• **What to work on**
Exactly the lines below from the line with "Parajumpers Mens Mari Jogging Bottoms" through the line with "Appetizing Food-preview-2" must make up the answer, both ends included and pictures left out.
Supplied records section start
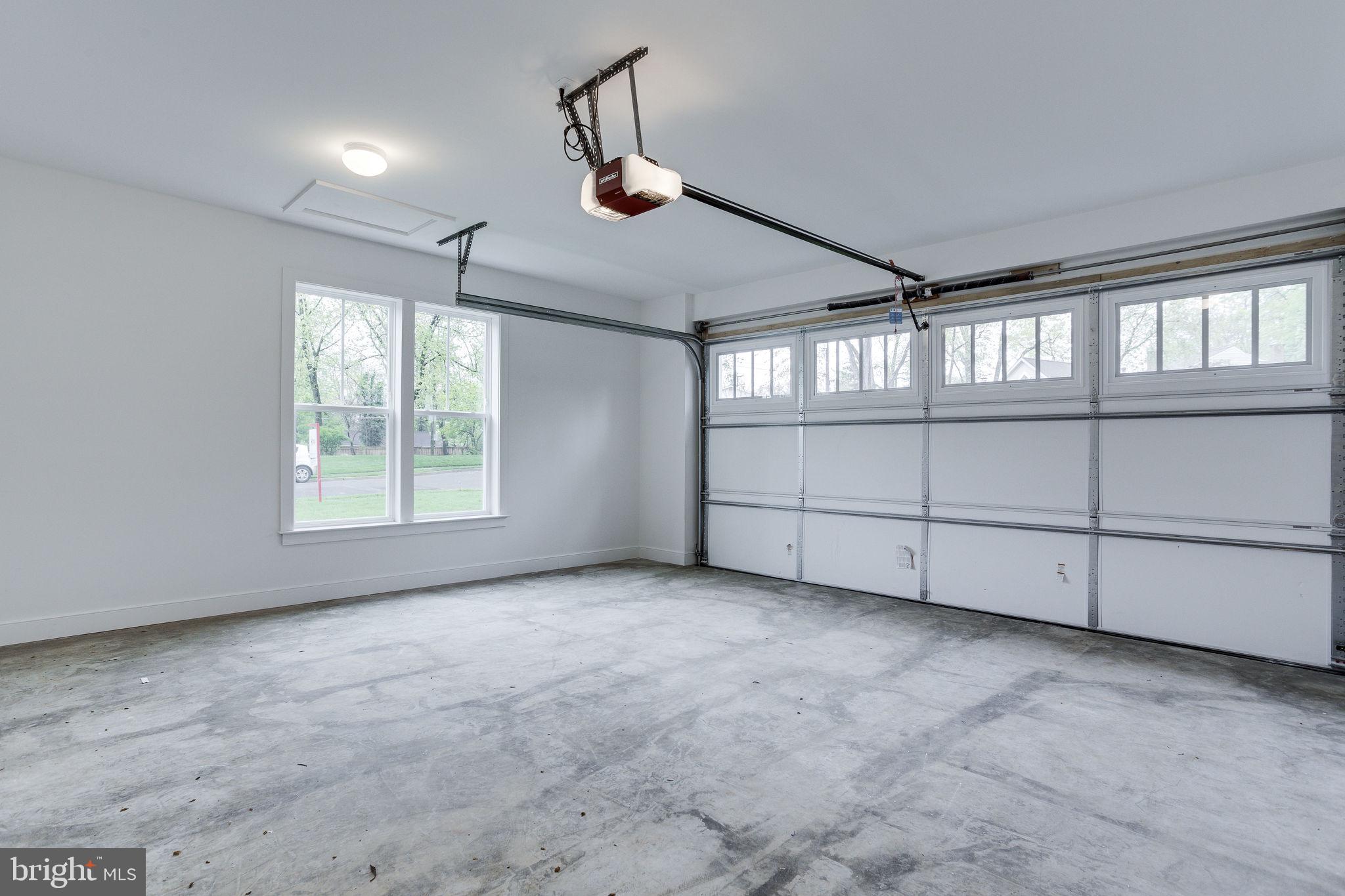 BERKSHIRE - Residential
Supplied records section end
Supplied records section start
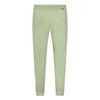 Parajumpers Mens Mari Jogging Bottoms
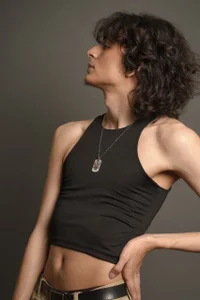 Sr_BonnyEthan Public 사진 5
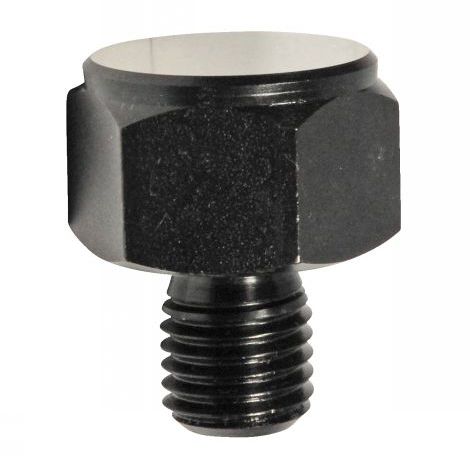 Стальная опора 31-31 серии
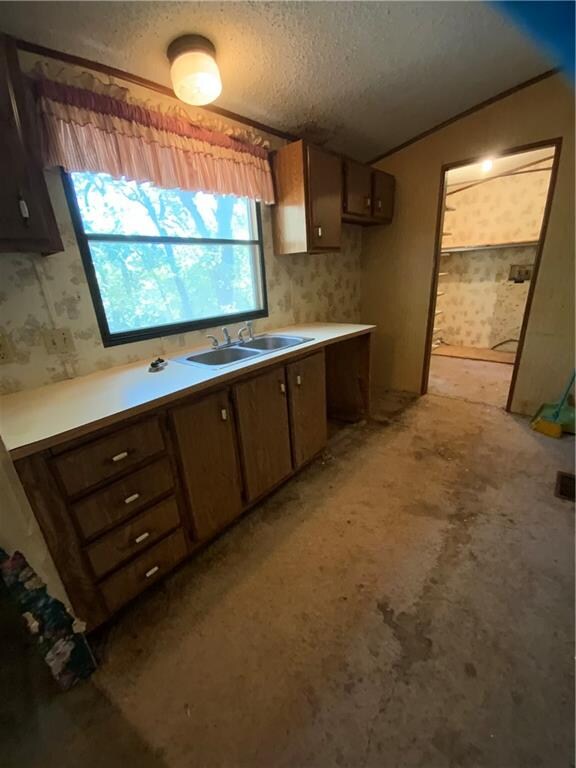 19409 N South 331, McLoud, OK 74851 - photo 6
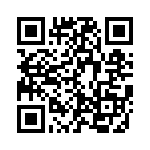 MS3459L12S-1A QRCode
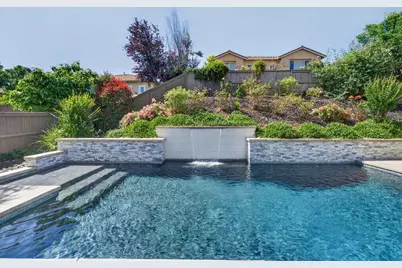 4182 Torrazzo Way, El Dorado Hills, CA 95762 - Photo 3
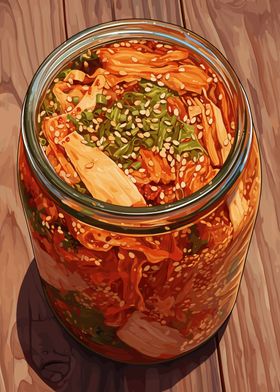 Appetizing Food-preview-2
Supplied records section end
• **Answer to this problem**
 Parajumpers Mens Mari Jogging Bottoms
 Sr_BonnyEthan Public 사진 5
 Стальная опора 31-31 серии
 19409 N South 331, McLoud, OK 74851 - photo 6
 MS3459L12S-1A QRCode
 4182 Torrazzo Way, El Dorado Hills, CA 95762 - Photo 3
 Appetizing Food-preview-2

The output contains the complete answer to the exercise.